Until recently, descriptive data analytics failed to provide recruiters with information that provides actionable insights for proactive hiring strategies. The use of social networks has opened up a much wider talent pool for recruiters to draw from, but the time it takes to do that research could end up taking hiring managers away from their most important task: actually hiring. It is not that easy to manually sort through a lot of profiles and social network data. These information will increasingly get the “big data treatment” so recruiters can quickly and easily locate the best people for the job. Big data is the opposite of yesteryear’s performance analytics and will use predictive analytics to help the recruitment team build and manage a pipeline of qualified candidates, do job-matching etc etc and once candidates become employees, the tools can be used to predict the churn, employee longevity and finally to work on retention strategies.

It’s a man-plus-machine approach to big data.

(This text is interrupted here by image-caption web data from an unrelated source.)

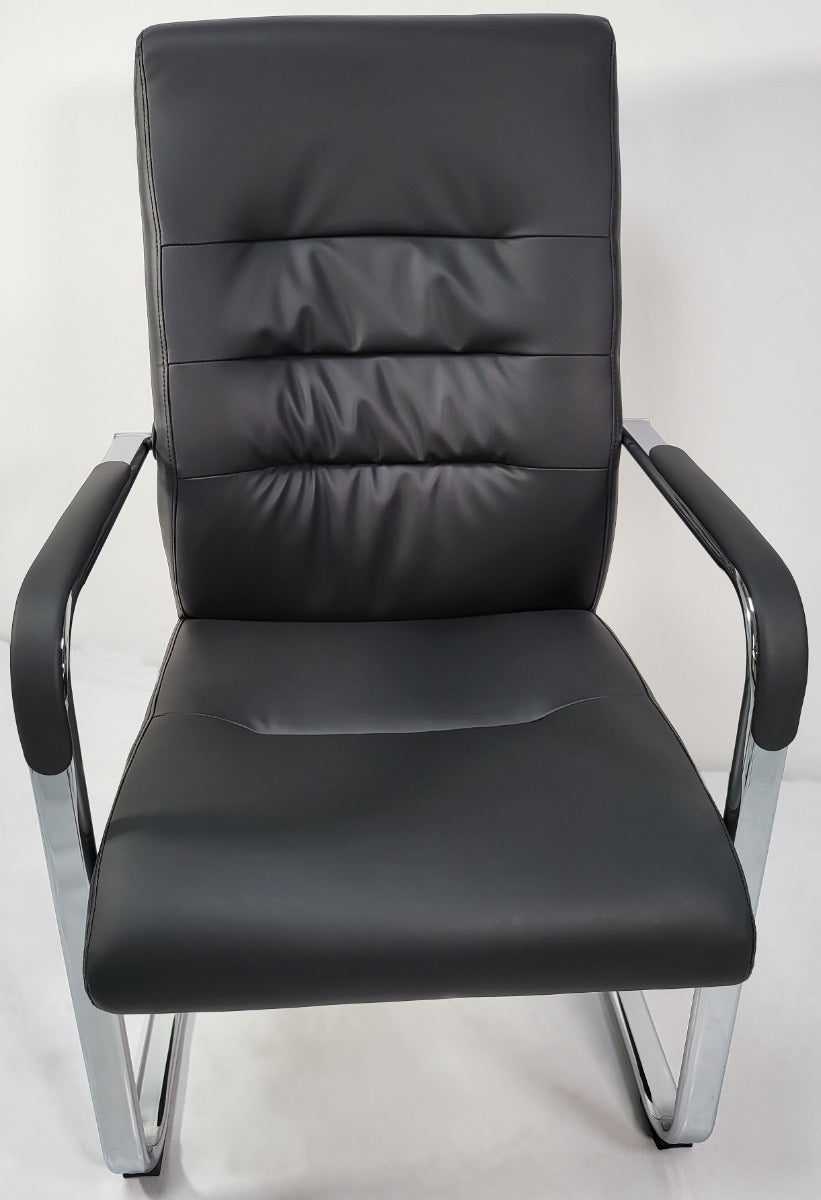 Modern Black Leather Cantilever Visitors Chair - C019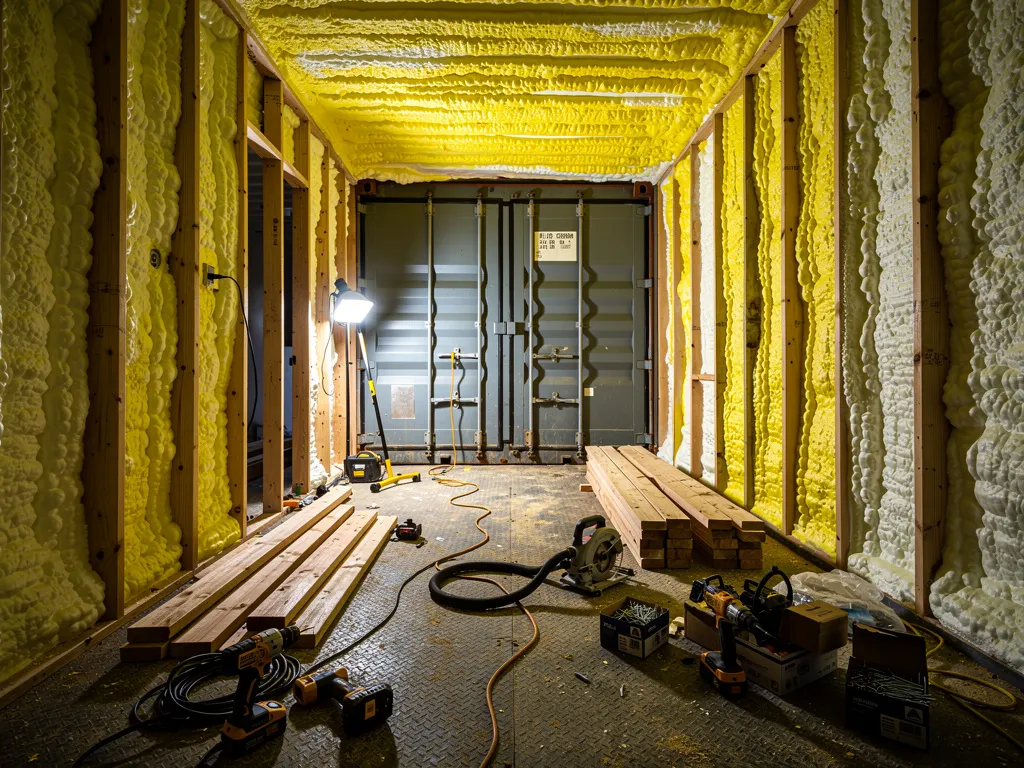 Interior of a shipping container under conversion showing closed-cell spray foam insulation applied to corrugated metal walls, wood framing studs, and construction tools on the floor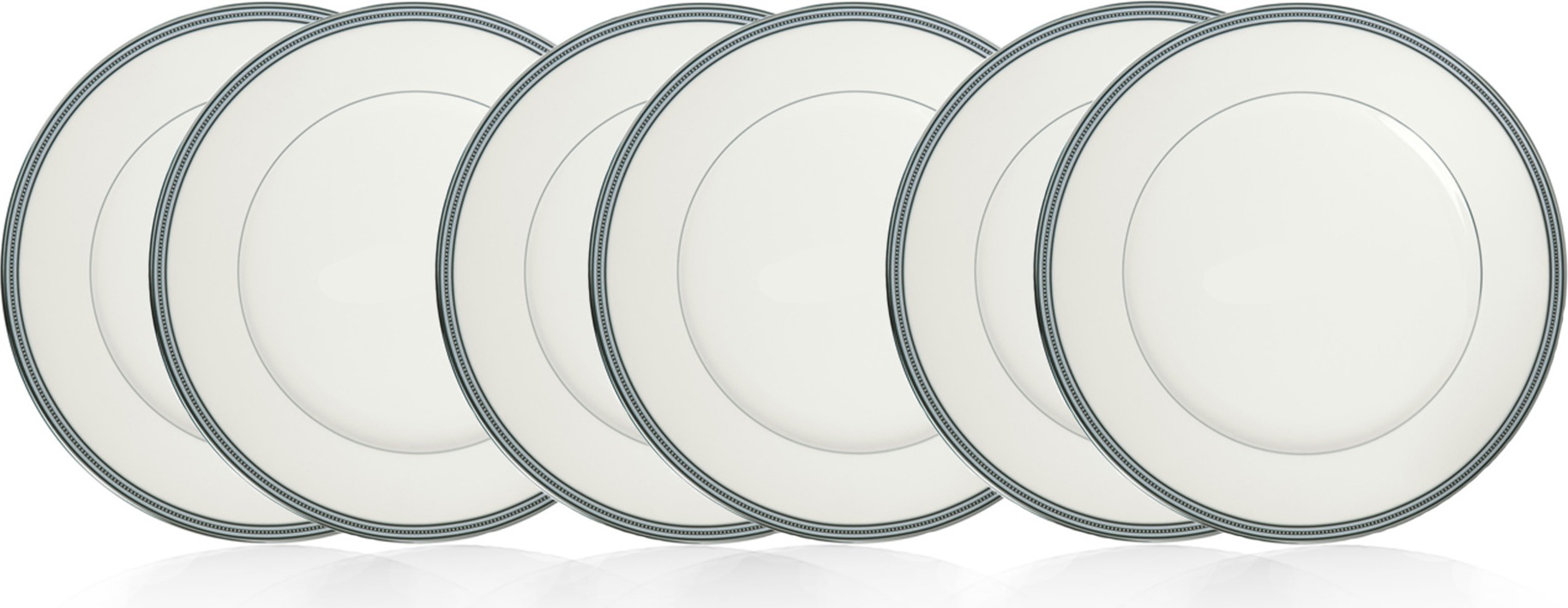 10665470 Noritake Набор из 6 тарелок обеденных Noritake "Богарт платиновый" 28см Фарфор костяной 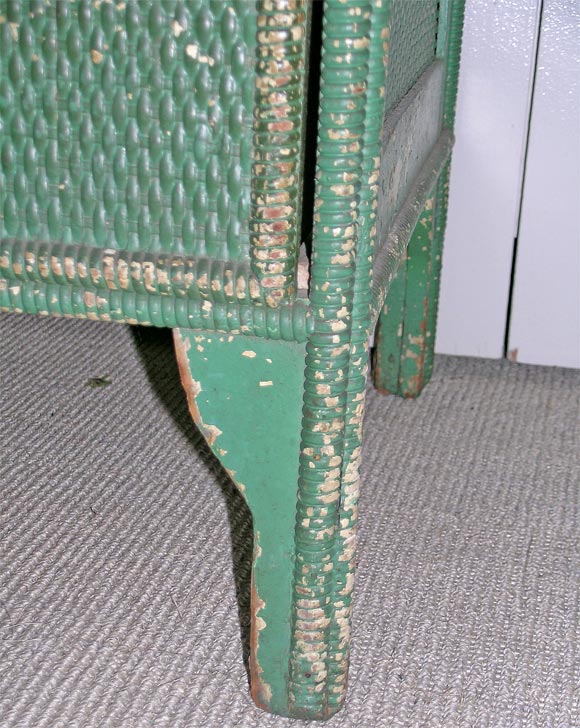 Victorian Green Wicker Chest, Circa 1900 4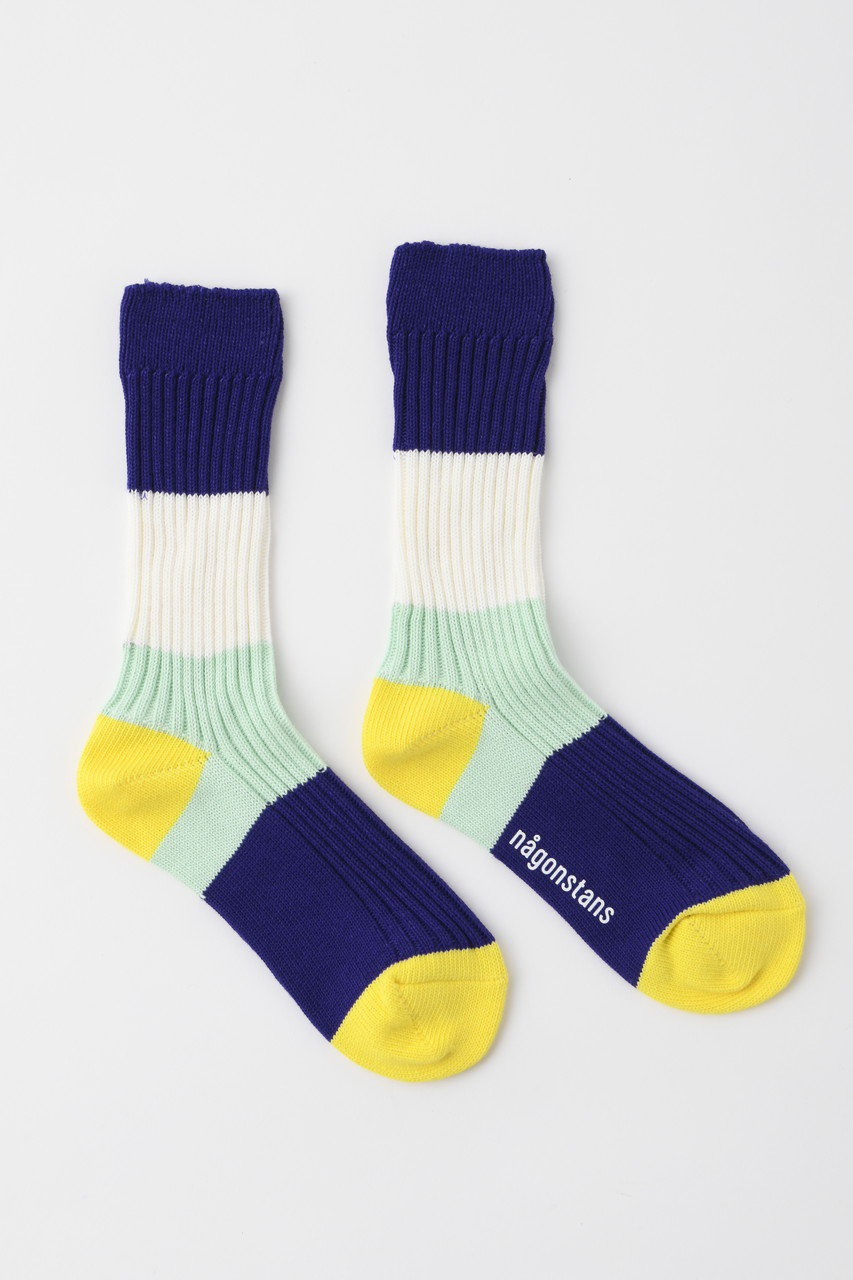 nagonstans Bi-color Socks/\bNX (Grape, M) iSX^X ELLE SHOP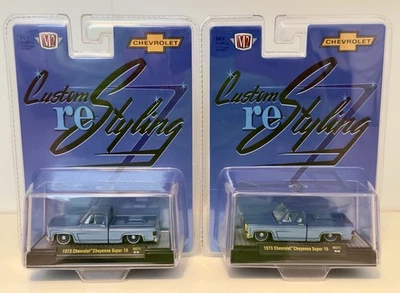 M2 1973 Chevrolet Cheyenne Super 10 Custom Blue 31500-HS71 1/64 CHASE & COMMON - Image 1 of 3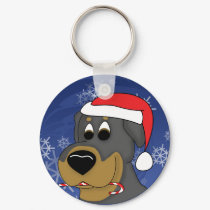 Candy Cane Rottweiler Keychain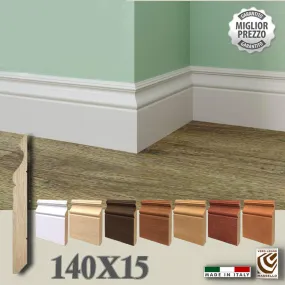 96ML BATTISCOPA in legno MASSELLO DUCALE ALEXANDER 140X15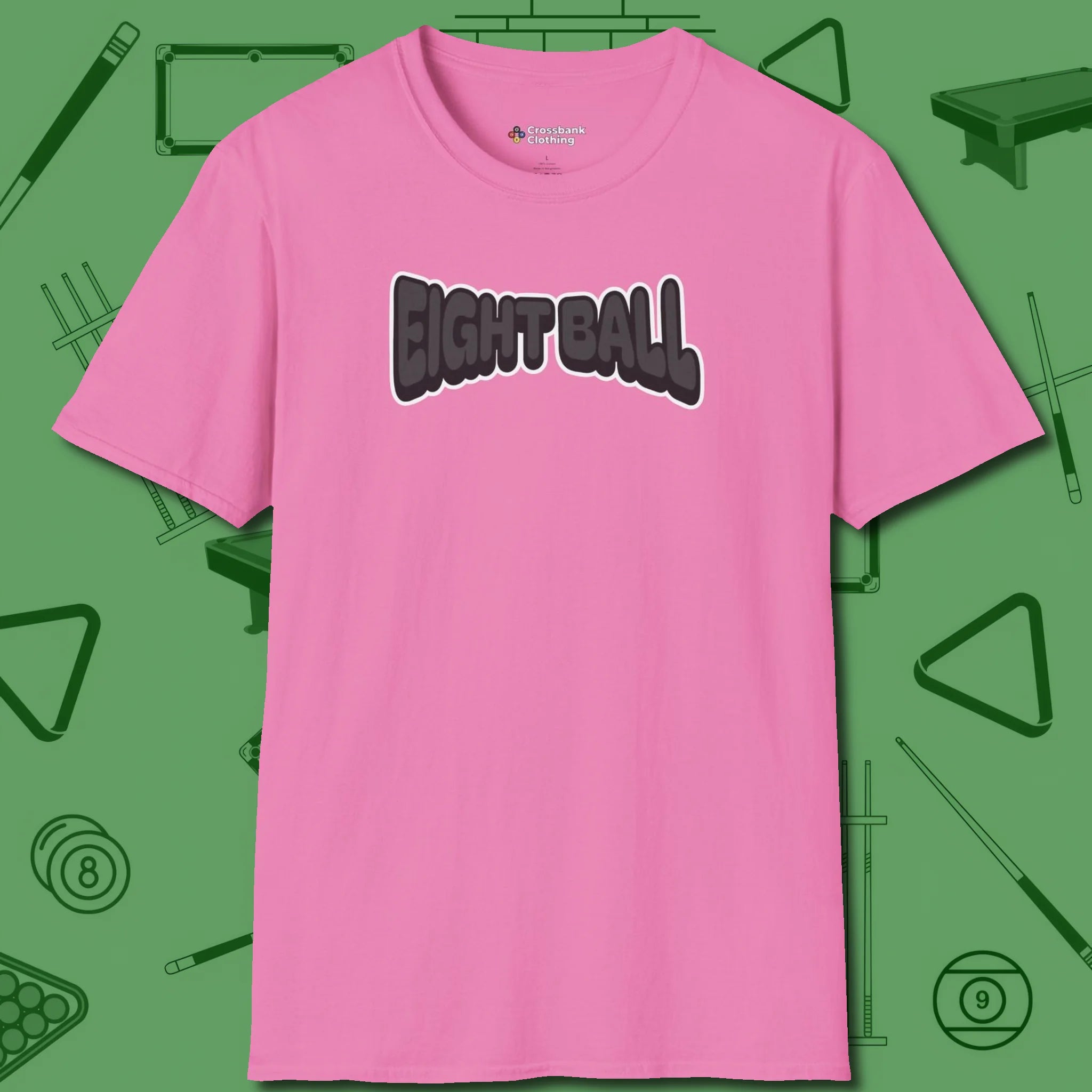 Eight Ball Letters T-Shirt, front view, in Azalea because you don’t just play — you represent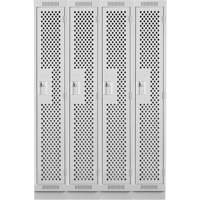 Clean Line Lockers, Bank of 4, 48" x 18" x 76", Steel, Grey, Rivet (Assembled), Perforated Southpoint Industrial Supply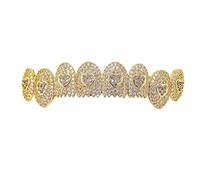 Grillz Six Dents Requin Cœur Crochets, Micro-Serti 18K Plaqué Or et Argent, Bijou Hip-Hop Unisex Cadeau Décoration pour Homme et Femme(Gold,Upper teeth)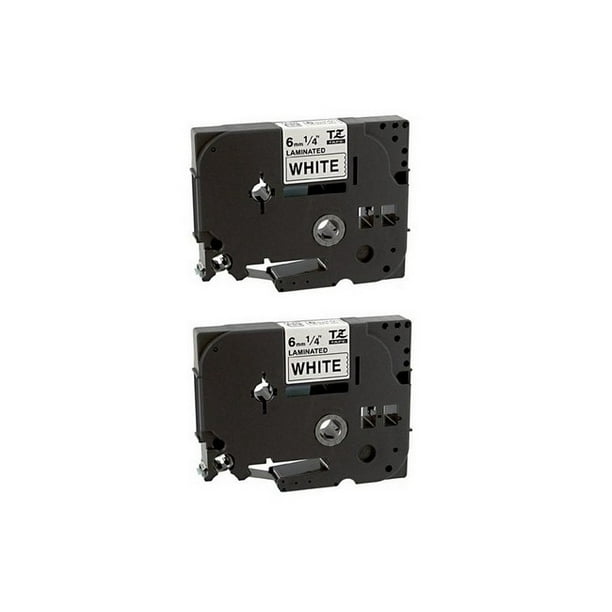 PrinterDash Compatible Replacement for Brother Black on White Laminated P-Touch Label Tape (2/PK-1/4in X 26.25Ft/36mm x 8m) (TZ-S211_2PK)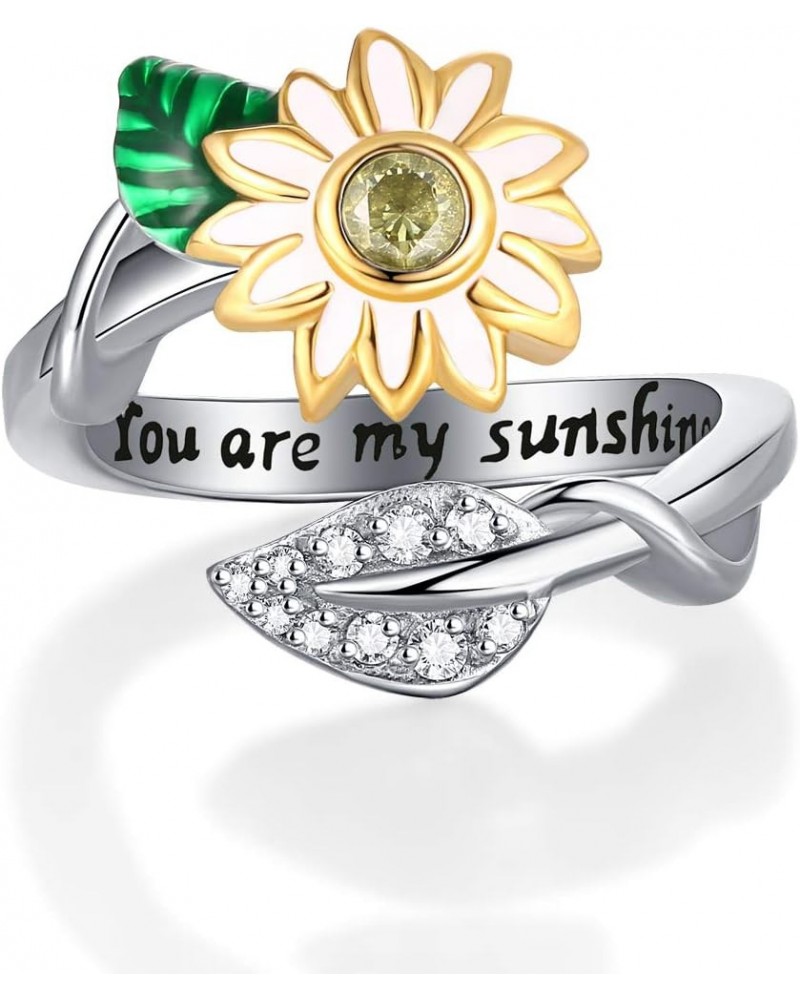 You are My Sunshine Sunflower Enameled CZ Heart Stainless Steel Ring Promise Eternity Band Cocktail Party Rings Adjustable Si...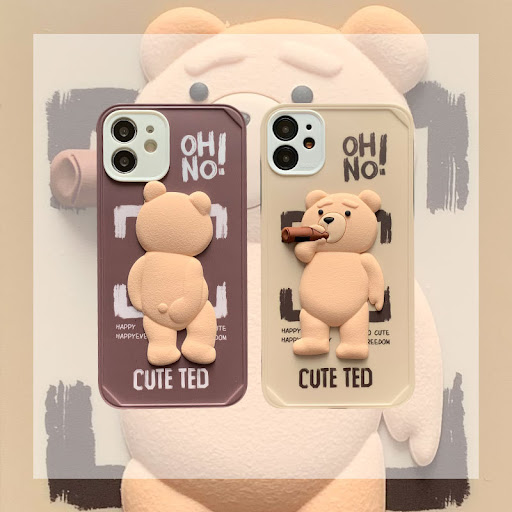 Title 5, Cartoon Bear Three-dimensional Phone Case. Prot...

Information & Communication Technology (ICT) Impact

Across the globe, we are seeing a transformation of the world of work, thanks to information and communication technologies. Many employees have grown to see the traditional office as choking and to carry out their job, all the average employee needs is a computer. So, why commute to work, spend hours in an office, and then commute home when you have everything you need to do your job right in your house? ICTs are enabling new, more flexible forms of employment and work and technologies like smartphones, social media, and advanced chat clients give employers the opportunity to widen their talent pools.

Mobile- First Strategy

These days, more and more job seekers are carrying out their job searches on smartphones and tablets as its more of a convenience. In the coming years, we can expect the amount of mobile activity to increase. At the very least, the company career page should be optimized for the mobile experience. This allows you to reach engaging and dynamic passive candidates much more easily and provides a great impression of your brand. Moreover, this could also be extended towards interview scheduling and communications. The hiring process should also be optimized for recruiters to make their tasks easier.

Conclusion

While digital tools will never fully replace the human instinct necessary for identifying the right candidates, an ability to stay on top of technological trends could be a recruiter’s biggest advantage going forward.